» Work to be completed: In the entries below, find every line with the string "background" and copy it.

Data section start

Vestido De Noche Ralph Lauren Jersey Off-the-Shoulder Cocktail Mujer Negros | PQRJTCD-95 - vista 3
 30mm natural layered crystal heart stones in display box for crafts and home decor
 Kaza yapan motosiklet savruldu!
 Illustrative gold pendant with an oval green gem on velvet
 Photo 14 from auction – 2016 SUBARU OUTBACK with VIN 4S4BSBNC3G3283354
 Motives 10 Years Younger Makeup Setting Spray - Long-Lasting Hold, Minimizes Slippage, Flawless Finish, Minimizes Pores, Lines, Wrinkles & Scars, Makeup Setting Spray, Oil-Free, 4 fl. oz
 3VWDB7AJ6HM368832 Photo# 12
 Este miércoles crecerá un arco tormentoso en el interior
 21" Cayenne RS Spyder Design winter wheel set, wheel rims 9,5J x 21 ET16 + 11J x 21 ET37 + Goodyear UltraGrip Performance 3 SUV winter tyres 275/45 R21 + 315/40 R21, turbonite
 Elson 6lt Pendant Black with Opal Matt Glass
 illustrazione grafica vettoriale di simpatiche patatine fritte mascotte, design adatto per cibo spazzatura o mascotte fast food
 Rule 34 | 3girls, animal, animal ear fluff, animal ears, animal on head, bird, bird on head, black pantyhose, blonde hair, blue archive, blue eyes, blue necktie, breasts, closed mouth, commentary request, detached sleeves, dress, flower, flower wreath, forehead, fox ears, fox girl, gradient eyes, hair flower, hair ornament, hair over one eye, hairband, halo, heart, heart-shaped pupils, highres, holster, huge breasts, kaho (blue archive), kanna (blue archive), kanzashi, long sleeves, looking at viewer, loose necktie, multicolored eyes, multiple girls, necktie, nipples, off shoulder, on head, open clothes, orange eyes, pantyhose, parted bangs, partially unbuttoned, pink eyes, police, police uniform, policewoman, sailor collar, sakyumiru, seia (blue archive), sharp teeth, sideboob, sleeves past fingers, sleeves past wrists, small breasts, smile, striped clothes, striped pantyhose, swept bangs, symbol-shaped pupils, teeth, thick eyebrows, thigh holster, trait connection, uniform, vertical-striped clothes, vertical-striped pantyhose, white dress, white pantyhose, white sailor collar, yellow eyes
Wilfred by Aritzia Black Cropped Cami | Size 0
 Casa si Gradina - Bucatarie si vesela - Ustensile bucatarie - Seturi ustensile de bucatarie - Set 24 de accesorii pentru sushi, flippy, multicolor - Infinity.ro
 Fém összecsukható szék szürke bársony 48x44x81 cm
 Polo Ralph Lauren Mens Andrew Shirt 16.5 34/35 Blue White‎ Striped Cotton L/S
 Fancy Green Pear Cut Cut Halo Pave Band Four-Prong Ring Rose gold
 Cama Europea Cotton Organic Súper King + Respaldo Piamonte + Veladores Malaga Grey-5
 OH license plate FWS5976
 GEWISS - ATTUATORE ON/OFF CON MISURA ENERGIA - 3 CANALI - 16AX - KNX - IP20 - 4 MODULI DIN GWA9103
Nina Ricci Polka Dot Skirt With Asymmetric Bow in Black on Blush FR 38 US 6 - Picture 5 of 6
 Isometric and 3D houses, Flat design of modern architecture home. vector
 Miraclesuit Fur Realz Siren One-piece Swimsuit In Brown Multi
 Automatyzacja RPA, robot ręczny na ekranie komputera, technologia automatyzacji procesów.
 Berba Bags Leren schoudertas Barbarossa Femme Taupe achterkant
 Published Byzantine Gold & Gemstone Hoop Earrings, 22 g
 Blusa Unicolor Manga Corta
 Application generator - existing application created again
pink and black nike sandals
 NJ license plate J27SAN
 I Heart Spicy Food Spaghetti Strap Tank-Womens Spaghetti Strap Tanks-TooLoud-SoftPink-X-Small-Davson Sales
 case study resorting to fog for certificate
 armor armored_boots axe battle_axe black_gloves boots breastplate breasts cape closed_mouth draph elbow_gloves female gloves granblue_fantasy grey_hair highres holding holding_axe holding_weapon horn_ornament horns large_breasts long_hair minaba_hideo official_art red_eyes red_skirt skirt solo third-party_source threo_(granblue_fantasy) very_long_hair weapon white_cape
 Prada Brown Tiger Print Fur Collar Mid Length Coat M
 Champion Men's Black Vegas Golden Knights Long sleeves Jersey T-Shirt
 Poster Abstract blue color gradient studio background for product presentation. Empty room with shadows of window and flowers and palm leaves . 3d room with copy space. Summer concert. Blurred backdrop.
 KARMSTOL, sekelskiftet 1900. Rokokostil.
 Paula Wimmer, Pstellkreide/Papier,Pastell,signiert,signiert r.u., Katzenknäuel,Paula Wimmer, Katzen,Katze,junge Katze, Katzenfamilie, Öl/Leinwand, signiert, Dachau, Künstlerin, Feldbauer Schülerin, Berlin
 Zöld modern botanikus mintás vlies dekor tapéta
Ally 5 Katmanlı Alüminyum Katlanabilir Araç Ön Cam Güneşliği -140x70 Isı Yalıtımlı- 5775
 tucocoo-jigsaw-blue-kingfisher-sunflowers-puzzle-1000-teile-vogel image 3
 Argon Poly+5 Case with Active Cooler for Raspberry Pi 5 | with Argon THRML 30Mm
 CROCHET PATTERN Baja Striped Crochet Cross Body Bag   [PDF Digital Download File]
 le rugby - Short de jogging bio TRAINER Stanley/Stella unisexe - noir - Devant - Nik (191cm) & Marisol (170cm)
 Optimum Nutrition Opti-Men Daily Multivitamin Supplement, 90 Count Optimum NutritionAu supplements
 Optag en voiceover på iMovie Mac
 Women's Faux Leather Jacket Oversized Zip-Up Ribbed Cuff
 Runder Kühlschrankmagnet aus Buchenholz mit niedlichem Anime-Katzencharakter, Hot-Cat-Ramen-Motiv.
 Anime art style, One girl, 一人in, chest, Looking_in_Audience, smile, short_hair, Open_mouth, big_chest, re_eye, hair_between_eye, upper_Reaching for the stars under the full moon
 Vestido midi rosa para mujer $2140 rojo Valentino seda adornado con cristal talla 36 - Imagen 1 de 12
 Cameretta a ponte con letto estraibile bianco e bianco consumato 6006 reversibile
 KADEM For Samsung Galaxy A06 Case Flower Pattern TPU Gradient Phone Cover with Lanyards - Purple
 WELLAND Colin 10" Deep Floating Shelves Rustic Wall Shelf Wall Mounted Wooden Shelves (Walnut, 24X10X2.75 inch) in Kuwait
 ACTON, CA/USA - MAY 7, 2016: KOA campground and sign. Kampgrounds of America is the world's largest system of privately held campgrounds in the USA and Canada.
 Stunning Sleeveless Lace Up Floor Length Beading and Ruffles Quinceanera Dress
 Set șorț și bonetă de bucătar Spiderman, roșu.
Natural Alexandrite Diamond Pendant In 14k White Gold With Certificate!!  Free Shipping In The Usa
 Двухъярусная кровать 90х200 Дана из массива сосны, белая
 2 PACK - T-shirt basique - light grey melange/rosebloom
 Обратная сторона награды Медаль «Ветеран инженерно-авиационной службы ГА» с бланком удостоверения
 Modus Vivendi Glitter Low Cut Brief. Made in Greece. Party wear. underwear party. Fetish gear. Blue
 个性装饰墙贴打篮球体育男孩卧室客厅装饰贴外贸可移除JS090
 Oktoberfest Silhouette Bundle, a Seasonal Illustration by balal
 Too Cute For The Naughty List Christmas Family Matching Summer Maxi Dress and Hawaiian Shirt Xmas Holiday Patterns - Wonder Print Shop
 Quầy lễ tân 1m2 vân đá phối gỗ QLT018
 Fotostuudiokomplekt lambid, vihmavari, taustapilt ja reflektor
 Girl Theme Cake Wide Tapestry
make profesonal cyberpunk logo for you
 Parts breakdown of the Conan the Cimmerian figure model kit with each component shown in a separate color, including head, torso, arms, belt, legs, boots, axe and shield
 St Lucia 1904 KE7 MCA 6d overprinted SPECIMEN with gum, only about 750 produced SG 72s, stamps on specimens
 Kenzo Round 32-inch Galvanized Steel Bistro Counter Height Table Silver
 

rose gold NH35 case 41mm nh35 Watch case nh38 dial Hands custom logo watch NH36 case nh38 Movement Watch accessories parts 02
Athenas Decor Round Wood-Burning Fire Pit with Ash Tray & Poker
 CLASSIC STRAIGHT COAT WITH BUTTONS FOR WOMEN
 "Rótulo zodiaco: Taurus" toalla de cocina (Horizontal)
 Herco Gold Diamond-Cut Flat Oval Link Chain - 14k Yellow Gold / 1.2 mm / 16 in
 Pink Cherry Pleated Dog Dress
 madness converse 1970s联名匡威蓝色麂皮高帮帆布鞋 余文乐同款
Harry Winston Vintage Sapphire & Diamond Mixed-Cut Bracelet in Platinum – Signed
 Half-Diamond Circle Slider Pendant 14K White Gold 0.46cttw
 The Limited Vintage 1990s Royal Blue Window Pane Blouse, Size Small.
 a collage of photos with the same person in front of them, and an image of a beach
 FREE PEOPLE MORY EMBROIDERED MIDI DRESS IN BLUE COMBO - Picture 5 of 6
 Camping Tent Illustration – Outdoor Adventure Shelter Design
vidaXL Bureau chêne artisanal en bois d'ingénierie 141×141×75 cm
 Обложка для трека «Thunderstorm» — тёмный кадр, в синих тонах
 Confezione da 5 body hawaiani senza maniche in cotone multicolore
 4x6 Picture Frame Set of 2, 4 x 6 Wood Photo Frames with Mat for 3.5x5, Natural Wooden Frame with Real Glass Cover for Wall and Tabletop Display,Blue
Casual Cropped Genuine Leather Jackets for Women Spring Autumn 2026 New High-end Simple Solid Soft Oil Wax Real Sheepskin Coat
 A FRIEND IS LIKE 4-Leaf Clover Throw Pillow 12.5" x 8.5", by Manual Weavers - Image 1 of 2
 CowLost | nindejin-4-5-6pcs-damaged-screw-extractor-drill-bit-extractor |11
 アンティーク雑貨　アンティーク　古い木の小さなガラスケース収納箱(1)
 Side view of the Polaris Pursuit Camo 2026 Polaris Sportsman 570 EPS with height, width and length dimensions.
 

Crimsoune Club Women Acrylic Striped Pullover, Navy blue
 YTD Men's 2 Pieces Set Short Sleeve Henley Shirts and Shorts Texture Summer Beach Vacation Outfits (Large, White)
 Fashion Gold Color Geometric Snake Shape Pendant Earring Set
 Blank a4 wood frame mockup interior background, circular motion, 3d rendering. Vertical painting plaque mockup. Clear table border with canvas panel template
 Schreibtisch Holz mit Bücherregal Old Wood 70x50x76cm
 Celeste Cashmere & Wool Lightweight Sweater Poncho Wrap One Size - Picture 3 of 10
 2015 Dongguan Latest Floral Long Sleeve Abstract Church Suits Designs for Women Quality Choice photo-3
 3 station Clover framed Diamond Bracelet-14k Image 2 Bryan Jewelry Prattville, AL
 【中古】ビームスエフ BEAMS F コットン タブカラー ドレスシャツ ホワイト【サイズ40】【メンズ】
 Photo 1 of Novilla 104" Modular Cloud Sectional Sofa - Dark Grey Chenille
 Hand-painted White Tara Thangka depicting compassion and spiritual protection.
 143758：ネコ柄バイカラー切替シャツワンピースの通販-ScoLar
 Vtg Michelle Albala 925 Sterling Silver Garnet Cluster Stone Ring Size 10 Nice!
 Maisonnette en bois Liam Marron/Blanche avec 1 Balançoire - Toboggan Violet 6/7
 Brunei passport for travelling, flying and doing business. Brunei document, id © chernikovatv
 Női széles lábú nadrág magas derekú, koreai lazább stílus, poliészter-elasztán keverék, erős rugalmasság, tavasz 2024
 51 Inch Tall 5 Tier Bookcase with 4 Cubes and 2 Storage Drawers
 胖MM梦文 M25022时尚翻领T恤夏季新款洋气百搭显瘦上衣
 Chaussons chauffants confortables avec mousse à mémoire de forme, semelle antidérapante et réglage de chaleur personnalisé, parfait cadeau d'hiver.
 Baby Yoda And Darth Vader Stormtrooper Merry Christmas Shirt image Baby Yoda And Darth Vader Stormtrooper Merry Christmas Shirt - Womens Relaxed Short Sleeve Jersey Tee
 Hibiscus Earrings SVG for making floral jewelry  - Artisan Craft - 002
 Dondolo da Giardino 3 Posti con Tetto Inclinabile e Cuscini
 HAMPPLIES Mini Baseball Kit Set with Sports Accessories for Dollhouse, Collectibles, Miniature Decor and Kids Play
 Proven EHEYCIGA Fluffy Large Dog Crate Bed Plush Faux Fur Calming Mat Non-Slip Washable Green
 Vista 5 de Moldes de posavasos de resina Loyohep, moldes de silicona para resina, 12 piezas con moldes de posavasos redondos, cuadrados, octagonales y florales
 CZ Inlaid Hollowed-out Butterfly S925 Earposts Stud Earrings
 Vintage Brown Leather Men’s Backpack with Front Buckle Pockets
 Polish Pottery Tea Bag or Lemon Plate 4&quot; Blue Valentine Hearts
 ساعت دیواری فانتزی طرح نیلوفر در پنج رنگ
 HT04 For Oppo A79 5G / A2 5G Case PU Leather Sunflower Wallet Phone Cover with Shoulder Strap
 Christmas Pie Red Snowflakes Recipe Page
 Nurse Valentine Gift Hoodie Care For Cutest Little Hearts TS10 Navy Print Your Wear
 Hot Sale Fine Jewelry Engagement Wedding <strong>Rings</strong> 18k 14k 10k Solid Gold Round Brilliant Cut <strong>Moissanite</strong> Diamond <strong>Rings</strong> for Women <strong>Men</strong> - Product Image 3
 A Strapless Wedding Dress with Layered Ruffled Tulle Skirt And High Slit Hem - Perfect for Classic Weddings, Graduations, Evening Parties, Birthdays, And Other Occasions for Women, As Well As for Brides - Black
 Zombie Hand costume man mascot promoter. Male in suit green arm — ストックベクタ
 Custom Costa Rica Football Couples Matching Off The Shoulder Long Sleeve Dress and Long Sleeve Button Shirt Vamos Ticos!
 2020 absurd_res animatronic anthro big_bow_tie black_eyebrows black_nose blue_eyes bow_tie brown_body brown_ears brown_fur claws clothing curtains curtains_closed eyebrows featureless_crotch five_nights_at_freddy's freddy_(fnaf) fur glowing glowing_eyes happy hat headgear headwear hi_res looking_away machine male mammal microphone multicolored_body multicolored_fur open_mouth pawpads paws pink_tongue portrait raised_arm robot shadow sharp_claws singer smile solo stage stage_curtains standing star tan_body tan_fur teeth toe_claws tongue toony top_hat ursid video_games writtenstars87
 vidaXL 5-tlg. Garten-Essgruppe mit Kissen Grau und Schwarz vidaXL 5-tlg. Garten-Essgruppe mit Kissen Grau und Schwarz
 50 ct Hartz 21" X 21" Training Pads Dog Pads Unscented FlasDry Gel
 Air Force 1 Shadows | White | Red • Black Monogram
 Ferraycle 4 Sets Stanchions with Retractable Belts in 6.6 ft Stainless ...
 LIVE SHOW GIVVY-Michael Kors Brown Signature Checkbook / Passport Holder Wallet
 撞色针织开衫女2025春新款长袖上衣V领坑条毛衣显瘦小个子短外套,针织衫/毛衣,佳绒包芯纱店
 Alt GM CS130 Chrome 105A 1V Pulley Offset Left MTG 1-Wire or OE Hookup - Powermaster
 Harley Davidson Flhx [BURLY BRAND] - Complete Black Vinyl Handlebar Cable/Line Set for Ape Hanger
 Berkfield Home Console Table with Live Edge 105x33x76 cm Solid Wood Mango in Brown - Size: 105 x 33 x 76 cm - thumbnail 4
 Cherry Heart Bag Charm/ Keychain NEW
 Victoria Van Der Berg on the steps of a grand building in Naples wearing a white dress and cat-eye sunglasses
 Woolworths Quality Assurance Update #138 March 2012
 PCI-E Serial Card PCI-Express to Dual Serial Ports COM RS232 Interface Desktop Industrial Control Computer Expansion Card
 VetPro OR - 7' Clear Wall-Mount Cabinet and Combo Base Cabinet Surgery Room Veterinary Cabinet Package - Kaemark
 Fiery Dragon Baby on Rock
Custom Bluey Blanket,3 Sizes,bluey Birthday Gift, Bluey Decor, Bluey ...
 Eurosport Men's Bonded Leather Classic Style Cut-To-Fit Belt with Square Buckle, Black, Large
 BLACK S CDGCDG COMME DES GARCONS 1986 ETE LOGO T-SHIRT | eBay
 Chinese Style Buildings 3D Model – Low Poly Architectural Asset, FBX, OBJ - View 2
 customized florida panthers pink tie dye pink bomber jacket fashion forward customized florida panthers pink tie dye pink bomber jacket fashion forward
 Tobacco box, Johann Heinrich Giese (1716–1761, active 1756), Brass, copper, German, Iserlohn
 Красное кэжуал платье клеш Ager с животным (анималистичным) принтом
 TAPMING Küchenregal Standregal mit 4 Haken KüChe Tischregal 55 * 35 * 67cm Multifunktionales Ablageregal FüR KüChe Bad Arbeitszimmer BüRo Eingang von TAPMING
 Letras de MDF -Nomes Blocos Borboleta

Data section end

» Exercise answer:
 Poster Abstract blue color gradient studio background for product presentation. Empty room with shadows of window and flowers and palm leaves . 3d room with copy space. Summer concert. Blurred backdrop.
 Blank a4 wood frame mockup interior background, circular motion, 3d rendering. Vertical painting plaque mockup. Clear table border with canvas panel template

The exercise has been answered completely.